Se “Vivos” colocava como personagens principais Nando Parrado e Roberto Canessa (muito bem interpretados aqui por Augustín Pardella e Matías Recalt, respectivamente), justamente aqueles que, no angustiante trecho final, empreenderam uma inacreditável caminhada rumo ao Chile, na tentativa de achar a civilização e vencer a intransponibilidade gigantesca da imensurável Cordilheira (jornada árdua retratada em minúcia comovente pelo diretor Bayona), em “A Sociedade da Neve”, quem ganha um curioso protagonismo é Numa Turcatti (Enzo Vogrincic, parecidíssimo com Adam Driver), justamente um dos passageiros que não chega vivo ao final –uma maneira respeitosa de Bayona reiterar o heroísmo de todos os envolvidos e não apenas daqueles que sobreviveram e que chegaram a ser enaltecidos pela mídia.

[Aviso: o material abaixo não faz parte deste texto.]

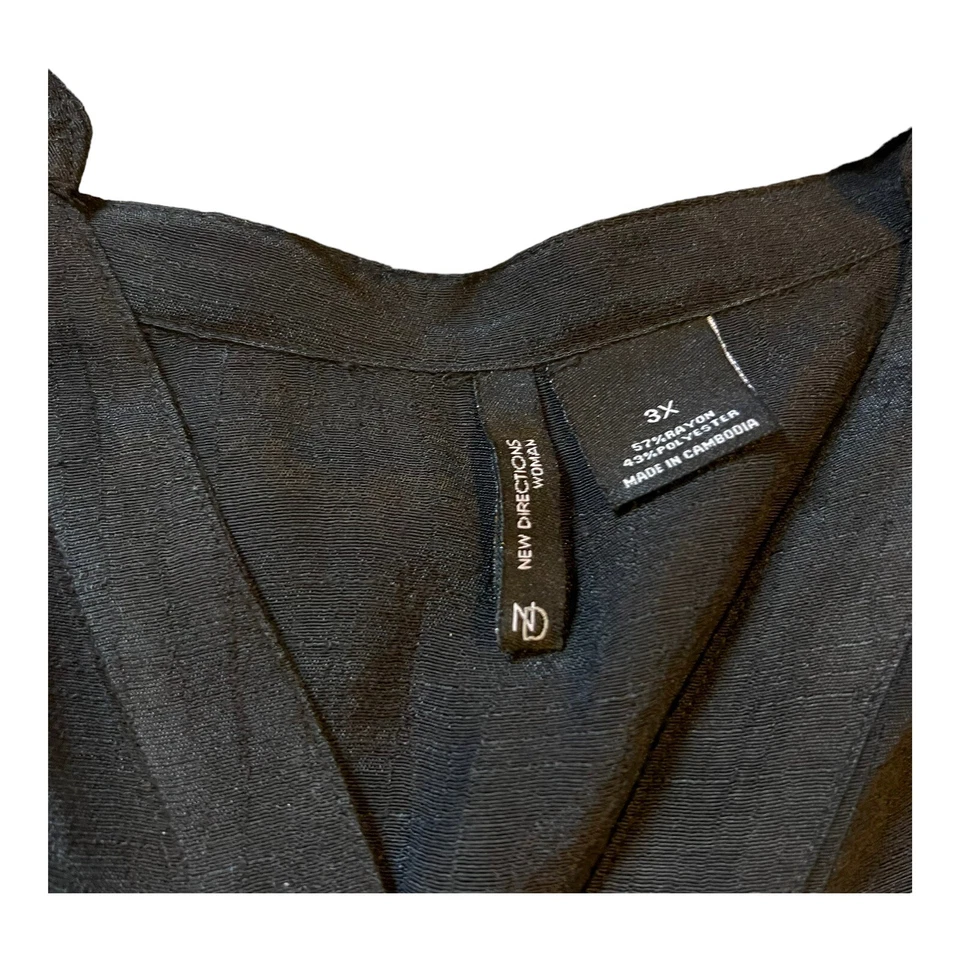 Blusa Top New Directions Para Mujer 3x Abotonada Negra Sólida Manga Larga Camisa Foto 3 de 4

Acima de tudo, “A Sociedade da Neve” é uma obra que se despe das prováveis (e certamente inevitáveis) comparações com outras obras que já abordaram a mesma história (adaptado do livro de Pablo Vierci, a melhor e mais impecável das documentações de relatos feitas desse acidente) para se concentrar na predisposição quase miraculosa que o espírito humano encontra para sobreviver, mesmo que nas mais improváveis condições. É um trabalho que torna a resgatar uma poderosa história real que merece ser sempre recontada e relembrada a cada nova geração –difícil mesmo será, durante a próxima tentativa, igualar a qualidade estratosférica deste grande filme aqui.